@phunky/scrape-channel-listings NPM

Scrape Channel Listings

A TypeScript library for scraping TV channel listings from various providers:

DIRECTV
DISH Network
Sky UK
Virgin Media

This project started as a proof-of-concept for scraping TV channel listings from various providers. The codebase has been significantly improved with the assistance of Cursor AI

Features

Parallel scraping with configurable concurrency
Performance monitoring and statistics
Error handling and detailed logging
JSON output by default
Optional file output for each provider
Individual provider scraping support
Available as both a library and CLI tool

Prerequisites

This package requires Playwright with Chromium browser for web scraping. After installing the package, you'll need to install Playwright's Chromium browser:

# Install the package
npm install @phunky/scrape-channel-listings

# Install Playwright's Chromium browser
npx playwright install chromium

Data Sources

The channel listings are scraped from the following sources:

Virgin Media UK: rxtvinfo.com/virgin-media-channel-list-uk
Sky UK: rxtvinfo.com/sky-channel-list-uk
Sky UK Satallite: rxtvinfo.com/sky-satellite-channel-list-uk
Sky Ireland: rxtvinfo.com/sky-stream-and-sky-glass-channel-list-republic-of-ireland-epg
Freesat HD: rxtvinfo.com/freesat-channel-list-uk/
DIRECTV: usdirect.com/channels
DISH Network: allconnect.com/providers/dish/channel-guide

Please note that these sources are third-party websites and may change without notice. The scrapers are maintained to work with the current structure of these sites, but may need updates if the source websites undergo significant changes.

Installation

npm install @phunky/scrape-channel-listings

Usage

As a Library

import { scrapeAllProviders, scrapeProvider, type Channel, type ScrapingSummary } from '@phunky/scrape-channel-listings';

// Scrape all providers
const channels = await scrapeAllProviders();
console.log(channels); // Array of { provider: string, channels: Channel[] }

// Scrape with options
const summary = await scrapeAllProviders({
    writeFiles: true, // Write results to files
    maxConcurrent: 2  // Limit concurrent scrapers
});
console.log(summary); // ScrapingSummary object

// Scrape a specific provider
const result = await scrapeProvider('directv');
console.log(result); // ScraperResult object

As a CLI Tool

# Scrape all providers
npx @phunky/scrape-channel-listings

# Scrape specific providers
npx @phunky/scrape-channel-listings --provider virgin
npx @phunky/scrape-channel-listings --provider sky
npx @phunky/scrape-channel-listings --provider skyireland
npx @phunky/scrape-channel-listings --provider skysatellite
npx @phunky/scrape-channel-listings --provider freesat
npx @phunky/scrape-channel-listings --provider directv
npx @phunky/scrape-channel-listings --provider dish

# Write results to files
npx @phunky/scrape-channel-listings --write-files

# Control concurrent scrapers
npx @phunky/scrape-channel-listings --max-concurrent 4

API Reference

Types

interface Channel {
    number: string;
    name: string;
}

interface ProviderChannels {
    provider: string;
    channels: Channel[];
}

interface ScraperResult {
    name: string;
    success: boolean;
    duration: number;
    channelCount?: number;
    error?: Error;
    channels?: Channel[];
}

interface ScrapingOptions {
    writeFiles?: boolean;
    maxConcurrent?: number;
}

interface ScrapingSummary {
    results: ScraperResult[];
    totalDuration: number;
    successRate: string;
    totalChannels: number;
    failedScrapers: ScraperResult[];
}

Functions

`scrapeAllProviders(options?: ScrapingOptions): Promise<ProviderChannels[] | ScrapingSummary>`

Scrapes channel listings from all configured providers. Returns either an array of provider channels or a summary object depending on the writeFiles option.

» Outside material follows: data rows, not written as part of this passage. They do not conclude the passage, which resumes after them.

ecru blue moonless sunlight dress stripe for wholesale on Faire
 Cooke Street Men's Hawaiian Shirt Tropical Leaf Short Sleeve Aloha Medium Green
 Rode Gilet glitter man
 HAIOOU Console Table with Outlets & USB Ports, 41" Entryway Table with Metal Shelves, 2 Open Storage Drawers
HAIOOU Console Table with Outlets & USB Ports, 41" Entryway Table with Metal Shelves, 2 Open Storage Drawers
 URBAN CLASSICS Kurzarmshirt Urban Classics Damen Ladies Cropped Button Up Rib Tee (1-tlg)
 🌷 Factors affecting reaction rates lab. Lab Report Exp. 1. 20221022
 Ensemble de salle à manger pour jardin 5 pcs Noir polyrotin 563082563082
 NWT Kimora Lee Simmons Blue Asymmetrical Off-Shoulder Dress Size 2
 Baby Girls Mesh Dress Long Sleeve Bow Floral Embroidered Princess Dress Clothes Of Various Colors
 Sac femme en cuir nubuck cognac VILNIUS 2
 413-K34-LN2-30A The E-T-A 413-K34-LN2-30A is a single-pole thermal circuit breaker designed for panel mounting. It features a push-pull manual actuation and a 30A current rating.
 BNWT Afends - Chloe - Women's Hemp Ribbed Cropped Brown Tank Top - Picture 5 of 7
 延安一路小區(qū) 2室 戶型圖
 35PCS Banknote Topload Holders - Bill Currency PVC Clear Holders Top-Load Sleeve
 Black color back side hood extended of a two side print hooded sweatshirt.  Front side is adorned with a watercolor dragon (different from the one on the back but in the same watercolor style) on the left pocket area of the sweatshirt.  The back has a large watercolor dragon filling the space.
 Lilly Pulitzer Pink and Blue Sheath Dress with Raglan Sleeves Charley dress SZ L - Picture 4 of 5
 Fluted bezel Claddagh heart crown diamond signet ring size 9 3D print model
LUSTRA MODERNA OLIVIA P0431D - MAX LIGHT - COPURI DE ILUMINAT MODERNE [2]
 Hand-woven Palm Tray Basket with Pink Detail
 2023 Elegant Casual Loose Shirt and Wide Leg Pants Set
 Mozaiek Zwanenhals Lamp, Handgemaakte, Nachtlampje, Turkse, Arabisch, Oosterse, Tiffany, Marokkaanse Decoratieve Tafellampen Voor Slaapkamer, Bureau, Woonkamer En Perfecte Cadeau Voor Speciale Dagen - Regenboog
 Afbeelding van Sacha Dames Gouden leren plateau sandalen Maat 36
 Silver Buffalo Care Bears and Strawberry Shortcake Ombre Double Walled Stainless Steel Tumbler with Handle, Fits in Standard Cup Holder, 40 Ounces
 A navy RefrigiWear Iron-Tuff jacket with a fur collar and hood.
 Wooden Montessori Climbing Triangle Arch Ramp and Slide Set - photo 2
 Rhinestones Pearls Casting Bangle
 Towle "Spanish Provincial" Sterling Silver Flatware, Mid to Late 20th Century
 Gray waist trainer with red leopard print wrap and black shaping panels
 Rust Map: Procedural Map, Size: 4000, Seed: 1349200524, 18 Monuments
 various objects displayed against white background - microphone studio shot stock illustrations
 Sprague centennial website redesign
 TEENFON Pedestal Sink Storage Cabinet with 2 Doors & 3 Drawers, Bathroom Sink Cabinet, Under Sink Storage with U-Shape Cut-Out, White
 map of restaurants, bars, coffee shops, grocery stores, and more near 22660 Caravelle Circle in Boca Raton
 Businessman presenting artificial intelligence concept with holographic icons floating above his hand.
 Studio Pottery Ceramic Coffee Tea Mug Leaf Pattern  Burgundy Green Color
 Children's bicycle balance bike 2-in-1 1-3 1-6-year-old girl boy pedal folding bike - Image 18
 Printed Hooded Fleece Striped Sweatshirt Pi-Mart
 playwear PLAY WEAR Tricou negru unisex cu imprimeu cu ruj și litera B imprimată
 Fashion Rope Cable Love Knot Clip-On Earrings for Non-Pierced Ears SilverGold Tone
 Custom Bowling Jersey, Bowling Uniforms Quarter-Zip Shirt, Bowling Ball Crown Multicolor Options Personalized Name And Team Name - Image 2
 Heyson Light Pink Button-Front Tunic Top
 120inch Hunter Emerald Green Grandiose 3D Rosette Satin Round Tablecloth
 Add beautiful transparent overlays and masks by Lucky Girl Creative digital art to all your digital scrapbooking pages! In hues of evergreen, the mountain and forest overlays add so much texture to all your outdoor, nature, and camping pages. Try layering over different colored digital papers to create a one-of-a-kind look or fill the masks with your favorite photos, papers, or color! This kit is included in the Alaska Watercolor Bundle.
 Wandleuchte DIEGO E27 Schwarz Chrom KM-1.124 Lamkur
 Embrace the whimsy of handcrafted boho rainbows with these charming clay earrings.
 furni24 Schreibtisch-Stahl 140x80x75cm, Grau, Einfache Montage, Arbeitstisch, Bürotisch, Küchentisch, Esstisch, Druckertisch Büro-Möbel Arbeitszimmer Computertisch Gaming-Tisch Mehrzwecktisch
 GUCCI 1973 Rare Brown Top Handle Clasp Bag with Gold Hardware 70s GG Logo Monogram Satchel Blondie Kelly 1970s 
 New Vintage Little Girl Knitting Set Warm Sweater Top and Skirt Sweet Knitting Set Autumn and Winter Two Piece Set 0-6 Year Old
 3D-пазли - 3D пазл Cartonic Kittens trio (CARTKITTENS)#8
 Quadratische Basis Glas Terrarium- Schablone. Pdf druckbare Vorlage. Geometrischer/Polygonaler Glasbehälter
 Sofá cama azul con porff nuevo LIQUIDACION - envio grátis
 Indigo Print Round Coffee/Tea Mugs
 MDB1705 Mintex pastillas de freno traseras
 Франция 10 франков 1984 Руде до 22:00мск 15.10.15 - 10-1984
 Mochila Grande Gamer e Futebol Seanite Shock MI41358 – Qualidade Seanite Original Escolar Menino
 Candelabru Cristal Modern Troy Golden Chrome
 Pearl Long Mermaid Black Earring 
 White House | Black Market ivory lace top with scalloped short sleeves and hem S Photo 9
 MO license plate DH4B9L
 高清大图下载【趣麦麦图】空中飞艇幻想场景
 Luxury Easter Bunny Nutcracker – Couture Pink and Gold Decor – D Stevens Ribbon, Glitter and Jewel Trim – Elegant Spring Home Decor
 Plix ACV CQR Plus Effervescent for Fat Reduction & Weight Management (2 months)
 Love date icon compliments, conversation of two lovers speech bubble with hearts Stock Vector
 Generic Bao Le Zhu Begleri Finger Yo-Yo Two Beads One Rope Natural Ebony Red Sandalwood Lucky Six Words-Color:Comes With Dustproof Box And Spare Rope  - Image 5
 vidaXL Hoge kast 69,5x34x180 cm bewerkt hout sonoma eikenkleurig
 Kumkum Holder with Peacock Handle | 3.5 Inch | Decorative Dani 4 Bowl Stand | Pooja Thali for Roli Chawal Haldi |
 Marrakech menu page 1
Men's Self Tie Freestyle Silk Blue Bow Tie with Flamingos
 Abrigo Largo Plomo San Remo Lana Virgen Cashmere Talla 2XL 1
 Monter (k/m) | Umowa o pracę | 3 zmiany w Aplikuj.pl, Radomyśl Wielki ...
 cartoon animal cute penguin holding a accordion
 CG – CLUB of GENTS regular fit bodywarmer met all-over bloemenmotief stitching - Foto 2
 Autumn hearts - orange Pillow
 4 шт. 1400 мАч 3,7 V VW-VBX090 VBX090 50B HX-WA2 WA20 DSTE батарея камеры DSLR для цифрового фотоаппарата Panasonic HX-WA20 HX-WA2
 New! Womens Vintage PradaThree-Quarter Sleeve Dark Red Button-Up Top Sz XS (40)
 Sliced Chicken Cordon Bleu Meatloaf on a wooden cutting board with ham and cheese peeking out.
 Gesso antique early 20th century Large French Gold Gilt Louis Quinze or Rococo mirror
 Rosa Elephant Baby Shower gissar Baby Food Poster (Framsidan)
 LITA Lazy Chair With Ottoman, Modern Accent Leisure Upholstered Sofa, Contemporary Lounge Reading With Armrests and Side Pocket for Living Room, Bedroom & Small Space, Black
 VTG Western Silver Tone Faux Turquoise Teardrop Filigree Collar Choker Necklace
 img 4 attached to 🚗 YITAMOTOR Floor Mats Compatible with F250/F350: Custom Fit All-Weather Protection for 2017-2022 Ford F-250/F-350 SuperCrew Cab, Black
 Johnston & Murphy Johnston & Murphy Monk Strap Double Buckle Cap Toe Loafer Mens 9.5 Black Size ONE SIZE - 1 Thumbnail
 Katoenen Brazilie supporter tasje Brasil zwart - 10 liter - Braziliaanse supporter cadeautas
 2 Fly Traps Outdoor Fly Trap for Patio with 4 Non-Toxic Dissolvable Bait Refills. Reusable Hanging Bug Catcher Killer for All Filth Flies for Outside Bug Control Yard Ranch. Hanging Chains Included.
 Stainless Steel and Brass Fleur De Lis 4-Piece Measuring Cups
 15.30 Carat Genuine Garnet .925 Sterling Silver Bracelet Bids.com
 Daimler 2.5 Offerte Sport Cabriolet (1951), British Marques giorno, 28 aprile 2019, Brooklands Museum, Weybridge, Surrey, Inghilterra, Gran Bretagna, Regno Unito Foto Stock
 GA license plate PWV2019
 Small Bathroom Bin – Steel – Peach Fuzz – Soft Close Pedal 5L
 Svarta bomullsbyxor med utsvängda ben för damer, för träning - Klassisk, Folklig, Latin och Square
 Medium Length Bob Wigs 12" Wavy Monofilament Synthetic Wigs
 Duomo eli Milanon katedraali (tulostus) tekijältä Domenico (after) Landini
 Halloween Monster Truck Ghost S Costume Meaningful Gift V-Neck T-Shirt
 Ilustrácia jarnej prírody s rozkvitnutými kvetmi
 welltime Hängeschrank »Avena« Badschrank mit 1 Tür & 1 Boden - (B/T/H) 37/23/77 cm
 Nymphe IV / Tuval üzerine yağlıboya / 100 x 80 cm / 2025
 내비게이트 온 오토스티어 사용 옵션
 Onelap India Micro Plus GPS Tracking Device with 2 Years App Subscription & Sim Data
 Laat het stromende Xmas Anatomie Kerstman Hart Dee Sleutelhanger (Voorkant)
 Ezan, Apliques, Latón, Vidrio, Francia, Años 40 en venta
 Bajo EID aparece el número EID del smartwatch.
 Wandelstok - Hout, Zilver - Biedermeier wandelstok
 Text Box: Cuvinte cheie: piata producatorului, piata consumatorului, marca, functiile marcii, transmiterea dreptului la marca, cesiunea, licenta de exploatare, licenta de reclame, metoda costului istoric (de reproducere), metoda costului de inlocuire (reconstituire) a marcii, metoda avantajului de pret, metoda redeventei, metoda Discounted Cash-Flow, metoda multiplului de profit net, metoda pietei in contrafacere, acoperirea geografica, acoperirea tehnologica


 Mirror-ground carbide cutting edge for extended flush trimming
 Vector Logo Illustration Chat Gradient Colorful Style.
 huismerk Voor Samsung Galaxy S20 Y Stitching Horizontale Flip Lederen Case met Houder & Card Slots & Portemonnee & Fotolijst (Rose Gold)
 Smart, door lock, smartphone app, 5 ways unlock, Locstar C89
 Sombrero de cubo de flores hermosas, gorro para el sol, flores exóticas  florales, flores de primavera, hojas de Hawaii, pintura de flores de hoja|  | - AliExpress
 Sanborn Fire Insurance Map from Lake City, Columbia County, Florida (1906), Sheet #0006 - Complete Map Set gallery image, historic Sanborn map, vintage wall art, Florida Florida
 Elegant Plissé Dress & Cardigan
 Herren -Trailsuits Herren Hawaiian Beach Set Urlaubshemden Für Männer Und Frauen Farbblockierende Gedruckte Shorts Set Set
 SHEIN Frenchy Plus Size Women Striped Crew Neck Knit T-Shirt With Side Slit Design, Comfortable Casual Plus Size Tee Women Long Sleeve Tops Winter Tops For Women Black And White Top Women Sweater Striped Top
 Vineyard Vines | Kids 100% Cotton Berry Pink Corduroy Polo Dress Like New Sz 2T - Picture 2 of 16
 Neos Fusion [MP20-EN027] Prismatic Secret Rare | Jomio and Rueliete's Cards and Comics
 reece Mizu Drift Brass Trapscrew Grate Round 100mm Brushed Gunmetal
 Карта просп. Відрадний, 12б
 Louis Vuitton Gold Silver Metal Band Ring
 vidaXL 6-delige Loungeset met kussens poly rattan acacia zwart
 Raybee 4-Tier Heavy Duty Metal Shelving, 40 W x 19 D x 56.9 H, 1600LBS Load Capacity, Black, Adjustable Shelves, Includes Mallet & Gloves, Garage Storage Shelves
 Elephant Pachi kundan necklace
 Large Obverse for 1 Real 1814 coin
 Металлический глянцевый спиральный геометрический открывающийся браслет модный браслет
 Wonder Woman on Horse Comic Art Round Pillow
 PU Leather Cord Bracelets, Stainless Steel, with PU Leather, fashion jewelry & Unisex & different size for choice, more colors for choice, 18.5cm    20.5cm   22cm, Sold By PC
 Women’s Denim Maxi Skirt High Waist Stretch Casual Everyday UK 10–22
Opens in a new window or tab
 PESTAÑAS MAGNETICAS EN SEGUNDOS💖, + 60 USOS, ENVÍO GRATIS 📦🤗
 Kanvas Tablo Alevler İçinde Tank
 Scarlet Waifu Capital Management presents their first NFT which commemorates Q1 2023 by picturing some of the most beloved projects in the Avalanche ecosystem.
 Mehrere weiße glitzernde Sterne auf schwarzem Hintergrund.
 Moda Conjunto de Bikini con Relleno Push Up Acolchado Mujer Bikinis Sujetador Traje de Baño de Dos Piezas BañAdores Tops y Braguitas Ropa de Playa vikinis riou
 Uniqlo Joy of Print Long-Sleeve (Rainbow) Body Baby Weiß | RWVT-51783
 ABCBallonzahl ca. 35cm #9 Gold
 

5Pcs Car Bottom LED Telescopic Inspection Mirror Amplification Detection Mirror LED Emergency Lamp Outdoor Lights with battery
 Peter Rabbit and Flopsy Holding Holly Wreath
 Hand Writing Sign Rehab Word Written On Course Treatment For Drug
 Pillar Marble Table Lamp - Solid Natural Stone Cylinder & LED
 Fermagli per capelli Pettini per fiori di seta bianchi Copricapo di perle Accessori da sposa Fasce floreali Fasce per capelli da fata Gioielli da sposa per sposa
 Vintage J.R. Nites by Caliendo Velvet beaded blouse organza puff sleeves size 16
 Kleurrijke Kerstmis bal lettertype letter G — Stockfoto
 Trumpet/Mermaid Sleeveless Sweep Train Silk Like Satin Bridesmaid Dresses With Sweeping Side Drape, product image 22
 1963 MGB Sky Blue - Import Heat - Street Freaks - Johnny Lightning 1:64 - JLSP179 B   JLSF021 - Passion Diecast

`scrapeProvider(providerName: string, options?: ScrapingOptions): Promise<ScraperResult>`

Scrapes channel listings from a specific provider. Throws an error if the provider is not found.

Configuration

The scraper can be configured using environment variables:

# Run with custom configuration
HEADLESS=false CONCURRENT_SCRAPERS=2 npm run scrape

Available environment variables:

HEADLESS: Set to 'false' to see the browser while scraping (default: true)
CONCURRENT_SCRAPERS: Number of scrapers to run in parallel (default: 10)
RETRY_ATTEMPTS: Number of retry attempts for failed scrapes (default: 1)
RETRY_DELAY: Delay between retries in milliseconds (default: 1000)
PAGE_TIMEOUT: Page load timeout in milliseconds (default: 30000)
OUTPUT_DIR: Directory to save results when using --files (default: '../data')

Error Handling

The scraper will:

Retry failed attempts based on RETRY_ATTEMPTS setting
Log detailed error messages
Continue with remaining providers if one fails
Exit with code 1 if any scraper fails
Provide error details in the final summary (when using --files)

Development

# Install dependencies
npm install

# Build the package
npm run build

# Run tests
npm test

# Run specific scraper
npm run scrape:virgin
npm run scrape:sky
npm run scrape:skyireland
npm run scrape:skysatellite
npm run scrape:freesat
npm run scrape:directv
npm run scrape:dish